Grand Prix controversé au Festival de Cannes 2025, Valeur Sentimentale de Joachim Trier (Back Home, Thelma, Julie (En 12 Chapitres)…) est un drame familial où la réunion de deux sœurs avec un père absent depuis des années cristallise ressentiments et non-dits. Si la mise en scène est proche de la maestria, la promesse de profondeur psychologique se heurte à un récit parfois longuet et attendu. Après un Julie (En 12 chapitres) certes dramatiques mais tout de même plus lumineux, Valeur Sentimentale propose un drame plus grave et pesant, préférant également une structure plus linéaire et classique, agrémentée de quelques souvenirs nébuleux.

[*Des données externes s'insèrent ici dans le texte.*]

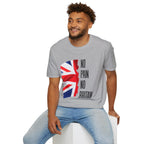 T-Shirt — "No Pain No Britain" Union Jack Graphic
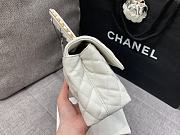 Chanel 23P Small Coco Handle Bag Caviar White 23cm - 2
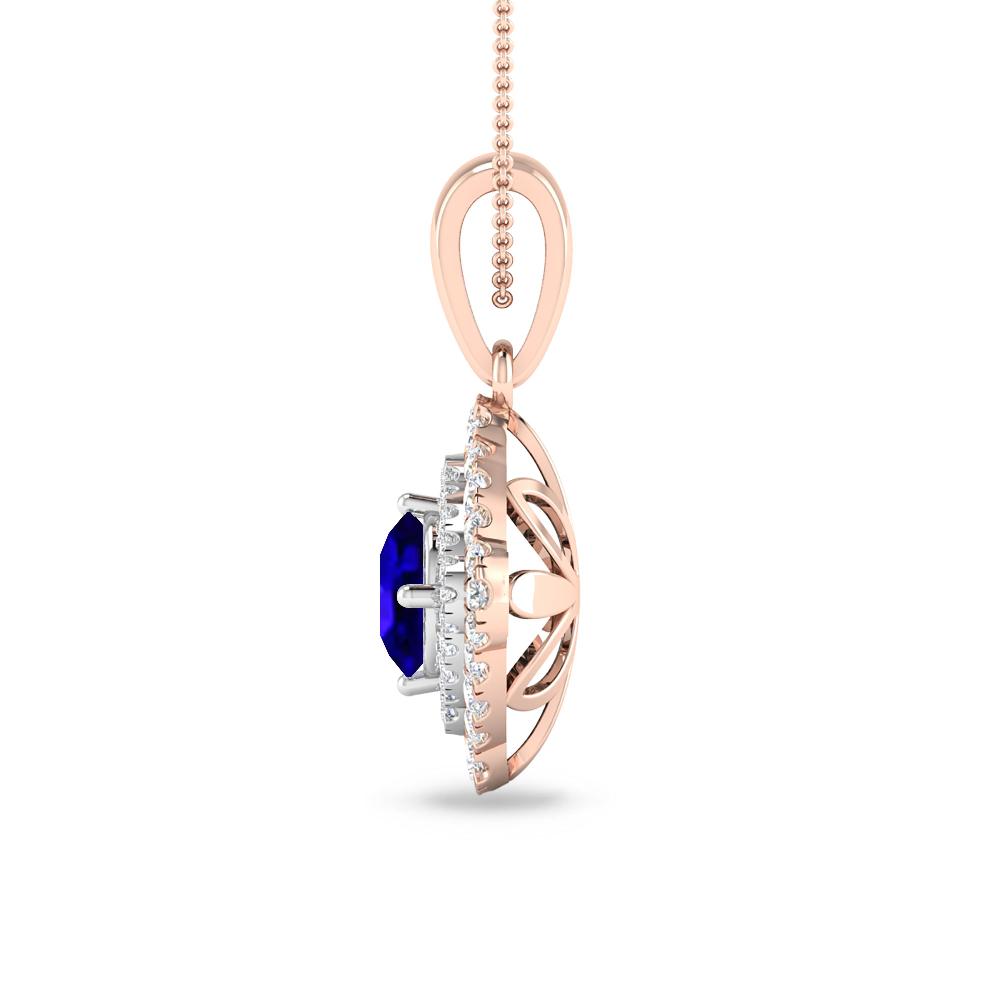 Rose Gold - Tanzanite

Avec ce film, Joachim Trier se penche sur les strates de relations complexes, entre une sœur comédienne rejetant son père cinéaste et une autre plus apaisée qui tente de composer avec une vie domestique ordinaire. L’histoire, classique dans son opposition père égoïste vs fille en mal d’amour, prend toute son ampleur lorsque le cinéaste, refusant le refus de sa fille, décide de modeler une jeune star hollywoodienne à son image. C’est un ressort dramatique intéressant, mais le reste du récit peine à surprendre : les dialogues et les non-dits s’étirent sur deux bonnes heures sans apporter de révélations vraiment inédites sur la psyché des personnages.

Là où Julie (En 12 chapitres) célébrait la vitalité et la complexité de l’individu dans sa quête de sens, Valeur Sentimentale enferme ses personnages dans un héritage familial lourd et répétitif. Pourtant, les deux films se répondent presque comme le jour et la nuit : l’un brille par son audace narrative et sa photographie lumineuse, l’autre par sa mise en scène élégante, mais plus pesante, à l’esthétique plus diaphane.

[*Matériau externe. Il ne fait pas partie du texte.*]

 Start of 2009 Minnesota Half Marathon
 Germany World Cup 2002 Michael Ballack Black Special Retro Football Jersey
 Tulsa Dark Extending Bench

Car en effet, c’est dans sa mise en scène que Joachim Trier fait preuve d’un talent indéniable. La maison familiale devient le témoin omniprésent et silencieux des traumas transgénérationnels : elle conserve la mémoire des blessures et des moments heureux ou douloureux, et sert de pivot visuel au récit. C’est là que le film gagne son souffle et son envergure, offrant des plans plus parlants que certains mots et qui restent en tête bien au-delà de la salle de cinéma.

Malgré tout, Valeur Sentimentale arrive presque à chasser l’ennui grâce à aux talents esthétiques et techniques du réalisateur, le pendant dramatique du récit peine à émouvoir. Les amateurs de Joachim Trier et les cinéphiles sensibles à la puissance des cadres et à la direction d’acteurs trouveront probablement leur compte, tandis que ceux qui cherchent une dissection psychologique originale devront composer avec une certaine longueur et des effets dramatiques prévisibles.

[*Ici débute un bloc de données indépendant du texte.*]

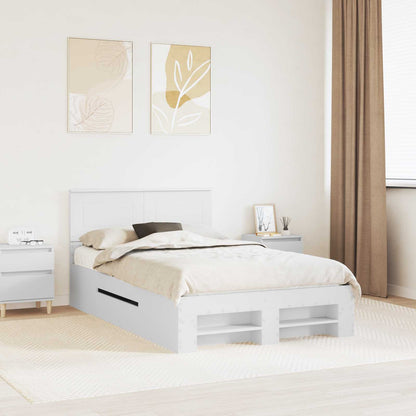 Struttura del letto Bianco 137 x 203 cm Legno multistrato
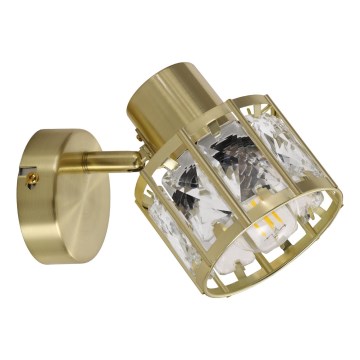 Vägglampa ZAHARA 1xE27/10W/230V guld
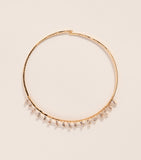 Suzanne Kalan rose gold and diamond choker, imported from the UK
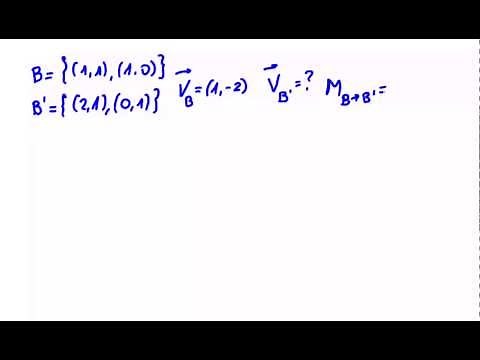 Vector spaces. Change of basis. Change of basis matrix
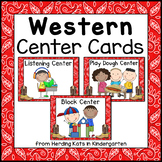 Western Cowboy Themed Pocket Chart Center Cards
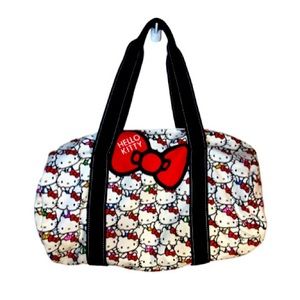 authentic vintage retro hello kitty Japan duffel bag cute kawaii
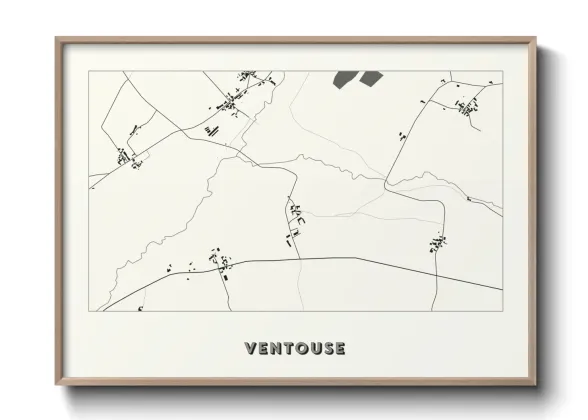 Une affiche de carte sur Ventouse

Au casting : Joachim Trier retrouve Renate Reinsve (Julie (En 12 Chapitres), Présumé Innocent, A Different Man…) dans le rôle principale, livrant une facette diamétralement opposée à son film précédent, face à un Stellan Skarsgård (Dune : Deuxième Partie, Thor: Love and Thunder, Andor…) obsessionnel et froid. À l’affiche également, Elle Fanning (The Great, Un Parfait Inconnu…), Inga Ibsdotter Lilleaas (A Beautiful Life…), Anders Danielsen Lie (Mothers’ Instinct, Personal Shopper…) ou encore Jesper Christensen (Spectre, Melancholia…) dans un ensemble relativement dépouillé.
En conclusion, Valeur Sentimentale séduit par sa mise en scène habitée mais s’enlise dans un drame familial trop balisé. Joachim Trier livre un film élégant, certes, mais qui peine à dépasser la technicité et l’impact implicite de ses images. À tenter.